On Tuesday, July 14, Harper announced that he had finally answered the call to return to both the game and WVU in the capacity of a graduate assistant defensive back’s coach. This means a coaching position. This also means Harper is once again a student enrolled at the university.
In his own words, Harper announced the exciting news first on Facebook with the following post:
“Excited to announce that I’ll be returning back to West Virginia this fall as a graduate assistant coaching the DB’s and pursuing my Masters in Sports Management. I want to thank Coach Brown for giving me the opportunity to return back to my alma mater to start my coaching career. I always said when I hung the cleats up I wanted to coach, and there’s no other place I’d rather begin my coaching career then back in the old Gold and Blue!”

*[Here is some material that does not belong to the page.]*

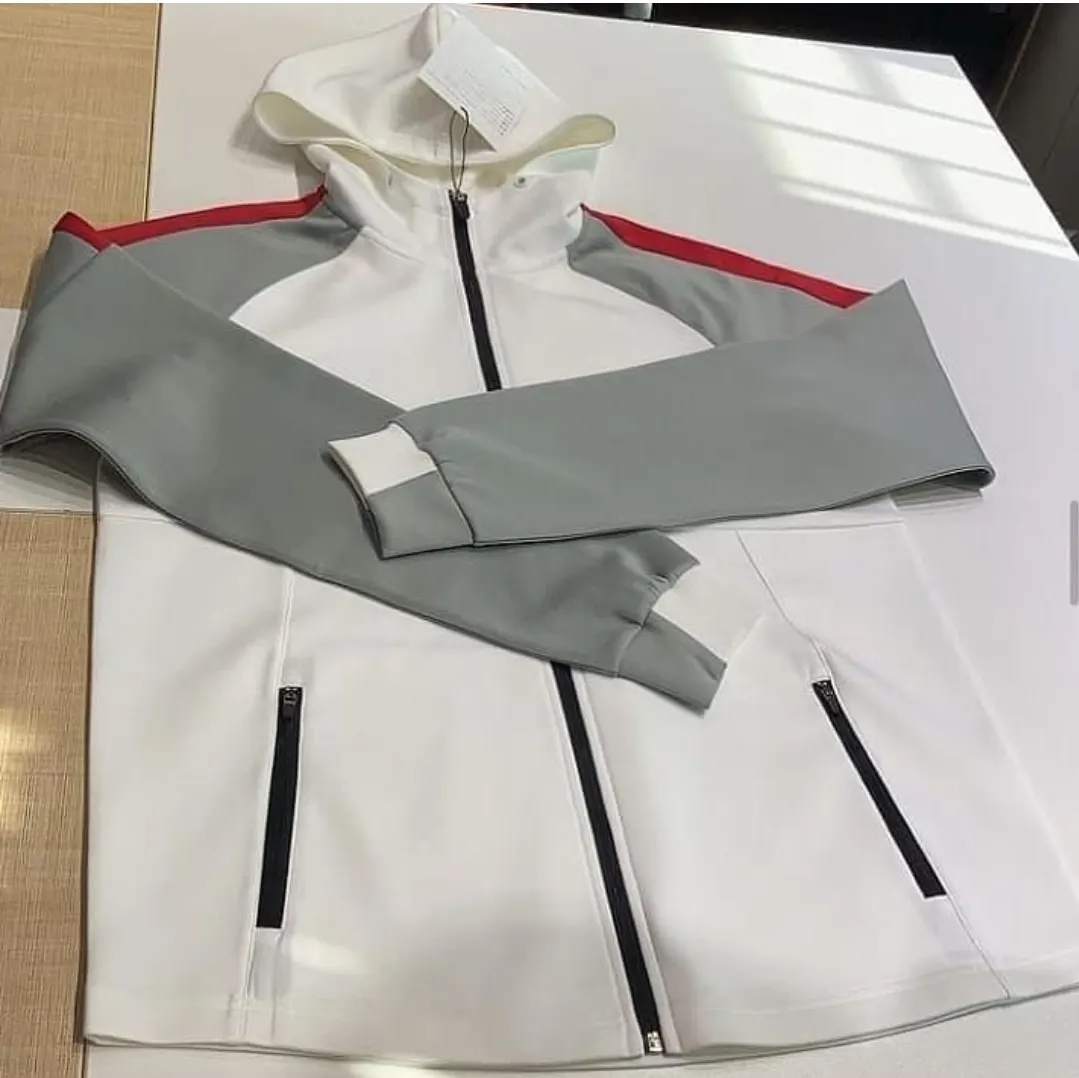 Custom grey and white zip jacket with contrast panels made by Ravix Pro Industry clothing manufacturer in Sialkot, Pakistan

On Thursday, we had the opportunity to chat with Harper and he relayed his excitement at going back to Morgantown and beginning his dream career in coaching.
“It feels great to be back at my alma mater. There’s no other place I’d rather be then back at West Virginia starting my coaching career and pursuing my masters degree.”
Harper additionally expressed his appreciation for the opportunity granted to him by Mountaineer head coach Neal Brown, and the excitement associated with joining the Brown-led coaching staff.
“Well first things first I want to thank Coach Brown and his staff for giving me the opportunity to come back and start my coaching career. Coach Brown has a great resume and has won a lot of ball games in his career,” Harper stated. “You look at the things he was able to do at Troy and beating teams like LSU and you can’t help but get excited for what’s to come in Morgantown. Once a Mountaineer, always A Mountaineer!”
How did the opportunity arise?
According to Harper, “I’ve expressed interest to the right people in the past that I wanted to coach after I was finished with my playing career. I can tell you that it has been a process, but I feel that my resume and being a former player, and having a little luck on my side, definitely helped.”
What are Harper’s specific plans?
“As far as my degree that I’m pursuing in sports management, ultimately I want to coach. My goals are to work my way up through the coaching ranks by being a position coach, and then a defensive coordinator and one day a head coach at a major division one program.”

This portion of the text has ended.